Special edition including 'Korean version author's preface' and 'Love letter to convenience stores'!


"Convenience Store Man," winner of the 155th Akutagawa Prize, Japan's most prestigious literary award, has been published in Korea.
Author Sayaka Murata is a female writer who has actually worked part-time at a convenience store for 18 years. On the day of the awards ceremony, she said in her acceptance speech, “I came home from working at a convenience store this morning as well,” and “I never thought that a convenience store, which is like a sanctuary to me, would become the subject of a novel, but I even received an award like this.”
Immediately after its publication, it rose to number one in the literature section of Amazon Japan and has maintained its position as a bestseller ever since.

The protagonist, Keiko Furukura, is 36 years old and has been single since graduating from college, never getting a job, and has been working part-time at the same convenience store for 18 years.

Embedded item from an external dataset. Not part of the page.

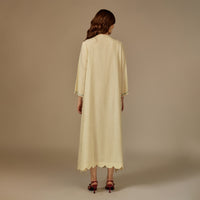 Yellow The Garden of Najel Embellished Dress - Noētic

Keiko, who works with the eighth store manager while seeing off the ever-changing part-timers, fills her meals with convenience store food every day and finds peace of mind and identity in the convenience store's organized layout according to a set manual and the slogan, "Welcome!"
However, Keiko cannot be free from the gossip of those around her who have found work and started a family at an appropriate age.
In front of her, a ruffian named 'Siraha' appears, who is unemployed, behind on rent, kicked out of her house, and always blames others, and cracks begin to appear in her seemingly peaceful life...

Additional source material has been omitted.